Thursday, July 12, 2012

The Importance of Practice

For the first time in four months, I can walk for over an hour without pain.
I'm no stranger to injury. In fact, I've been injured for an equal number of years that I have been an athlete. During my first long bout sans running, I remember being very depressed and wondering how on earth I was going to find meaning in my life without the sport that made each day endurable. (That was the year of the stress fractures.)

Now, however, I've come to understand my sports not as a win/lose, do-or-die activity, but rather as a "practice"-- akin, perhaps, to yoga or meditation. No matter what I do--whether it's swimming, cycling or running-- it is my two hours to give my body a chance to perform or recover, depending on its needs. 

I admit: I miss running. 

In my day, I was pretty good at it. Not the best; but over the course of three years, I watched my marathon and half-marathon and 10k times drop by minutes. At my best, I ran a 2:47marathon, narrowly missing my chance to go to the Olympic Trials. Granted, a minute is an eternity. But for someone like me, well, it was pretty close to the 2:46 required to make it to the Trials (which has since been altered, I know, to a 2:43.)

After my latest bout of catastrophic injury--a ruptured Achilles followed by a sprained Lisfranc joint in my right foot-- I've joined a Master's swim team and a cycling team to keep myself sane. Of course, I'm not very good at either of these other sports, not really. But what I have discovered is far more valuable than any fast PR running time or any first-place finish: the importance of a practice. 

Taken from Mt. Judas, overlooking Donner Lake where I have competed in an Olympic-Distance Tri and mile-long open water swim.
In February of this year, my foot hurt so much I could hardly walk. So, I decided to swim every day for 28 days (the entire month, in other words.)  I am not a fast swimmer. I have improved since I started, true, but I'm still about three to four lanes from the fast folks. At first, this was a depressing realization: I was never going to be competitive. But then, one morning around 5:30 am under the dark sky and stars and steam coming from the pool, I had a crazy thought: what if I just swam for me? 

Forget times. Forget placement in the lane. Forget everything but the hour and a half in the water when I get to swim freestyle and feel the strength in my arms. Or when I can practice my other strokes and learn better technique and watch my body learn the way to move in a new medium. Maybe I'm nuts, but after I shifted my mindset, swimming suddenly became fun. I suck at backstroke-- oh well! Each day I go to swim practice, I do exactly that: practice. Each day, my times come down, and my arms are less tired. Am I fast? I have no idea. What has changed, though, is my attitude. I do best each and every day: sometimes that means a PR, but most days it doesn't. What is consistent, however, is the feeling of accomplishment I have when I scale the pool wall after another practice. I am better than I was an hour before. How can that not make you smile? 

Cycling, too, has taught me the lesson of practice. I have so much to learn and so much fitness to gain.

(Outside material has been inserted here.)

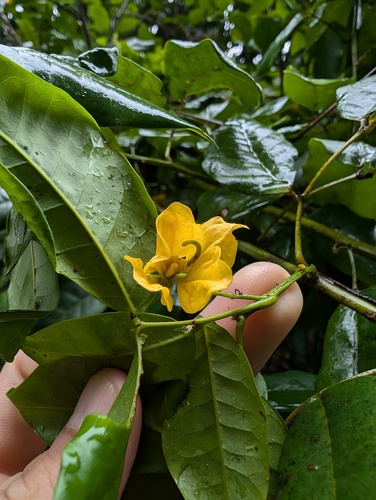 Senna nitida, photograph 4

However, each time I ride, I tell myself I need only do my best. Maybe my best is slower than all the other riders. Maybe it is faster. Maybe it is same speed they are. No matter. My cycling, like my swimming, is my own. 

I thought of all this today when I stepped on the treadmill for my first "run." It wasn't really a run per se-- a 30 minute walk with three one-minute jogs spaced equally throughout to help my joints and bones re-adjust to the demands of running. Walking on a treadmill in a gym immediately made me feel awful about myself and I couldn't help those thoughts of "what are all those people thinking about me? They probably think I'm fat, or ugly or obese of pathetic." I longed for those days when running was as natural as breathing. 

But then those feelings faded. Perhaps it's age or wisdom or some combination of both: but I realized that running, too, is a practice. I may be slow. I may not win a race again, ever. But after today, I know I'll run again. Just as I'll swim and cycle again, too. 

After all, those are the joys that make up my day-to-day life; that give me peace and happiness. No matter the speed, I live to push myself as hard as I am able.